Smoky beauty of the old Gitanes gypsy
Mary Kenny’s sneaking admiration for David Hockney’s filthy habit
Though I quit smoking many years ago, I can’t help giving a small cheer for David Hockney, who not only stubbornly continues to smoke, but regards the cigarette habit almost as a civil right in a free society. He even maintains, perhaps implausibly, that smoking prevents COVID-19 and has helped his health, since he’s in fine fettle at the age of 83.
Mr Hockney is understandably dismayed, on aesthetic grounds alone, that the French have altered the romantic Gypsy figure on the front of a packet of Gitanes to an image of an afflicted old crone. Pictures of famous smokers such as Jean-paul Sartre have also been airbrushed to remove the ciggie.
Smoking certainly can cause ill-health but it isn’t always to blame for everything. When I developed a pulmonary condition – diagnosed as bronchiectasis – in 2011, it was automatically seen as a punishment for my previous fag habit. A subsequent diagnosis indicated that it was more likely to have been caused by lung damage as a child, when I had a serious pneumonia.
If I ever again cross the Channel to Normandy – where Hockney dwells – I may smoke just one Gitane in his honour.

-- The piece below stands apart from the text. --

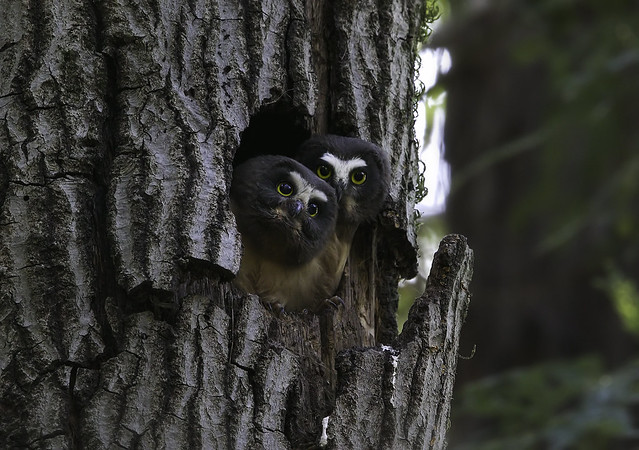 Young Saw Whet Owls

Imperial or metric? The cultural war between the two has never been resolved, Brexit or no Brexit. But during the spring, we were so insistently subjected to the two-metre distancing rule that we all became more familiar with metric measurement.
With younger people, metres had won the measuring war anyway. Still, it’s noticeable that imperial and metric can mix and match in this country. The metric system may be used for official announcements, but heights and weights are still colloquially given in imperial. When Boris Johnson was ill, we were told he was 17½ stone, and five foot nine inches tall.
At birth, a baby’s weight is given in kilograms, as are adults’ weights in medical tests. But popular culture still tells us that the singer Adele lost over seven stone, rather than 44.452 kilos. British dieters are attached to measuring their losses in stones.
Weather reporters officially announce temperatures in Celsius, but the popular press still describes a summer heatwave as being ‘in the 90s’. A Fahrenheit reading sounds more dramatic, even though both measures are usually given in the text.
The world – even America, in some fields now – has been progressively going metric, but I quite like the British muddle of retaining elements of the imperial. It has so much more resonance in habits of speech and tradition. ‘Going for a pint’ is handier than ‘going for 0.568261 litres’. The departed are more poetically buried ‘six feet under’ than ‘1.8288 metres down’. It’s nice that the racing fraternity still uses its ancient furlongs (of which we learned that eight constitute a mile). And The Oldie still sticks to good old imperial.
In the world of precision engineering, exactitude is vital, but in the human sphere an element of fluidity is endearing. Feet and inches were based on the human body, and even the French still use the same word for ‘inch’ as for ‘thumb’ – une pouce. ‘No’ can still be expressed as ‘not an inch’.
A cultural map of Europe has been published on social media, detailing the most famous person associated with each country.
Some are predictable – Shakespeare for Britain, Van Gogh for the Netherlands, Vlad the Impaler for Romania and Sibelius for Finland. Austria gets Freud and Hitler, Spain Picasso, France Napoleon and Rousseau, and Ireland has Oscar Wilde (not St Patrick). Germany gets Immanuel Kant, Sweden Carl Linnaeus, the botanist, and Belgium gets – Charlemagne. Who knew the Holy Roman Emperor was a Belgian? Good pub-quiz question!
Dublin is bidding farewell to one of its oldest cafés, Bewley’s in Grafton Street – closing because the rent is too high and the revenues are insufficient. Bewley’s Oriental Cafés, founded in 1840, were cheap and Bohemian, offering a heavenly aroma of roasting coffee for students and writers from James Joyce to Maeve Binchy. In 1928, the Grafton Street Bewley’s installed six stunning stainedglass windows, painted by artist Harry Clarke, portraying multicoloured birds, butterflies and sea creatures.
The Bewleys were a Quaker family who produced both philanthropists and eccentrics. The evangelising mission of the Society of Friends was to replace the intoxicating tavern with the sober coffee house.
Everyone, local or visiting, had a Bewley’s story. My elder brother was taken there as a little boy by our 50-ish father. My brother began whingeing about his ice-cream sundae, which occasioned a stern admonishment from the neatly liveried Dublin waitress. ‘Aren’t you the bold boy, cryin’ about the nice ice cream your grandfather bought you?’ Pa was amused, but it rather illuminates the old precept that it can be tactless to presume upon the details of a kinship.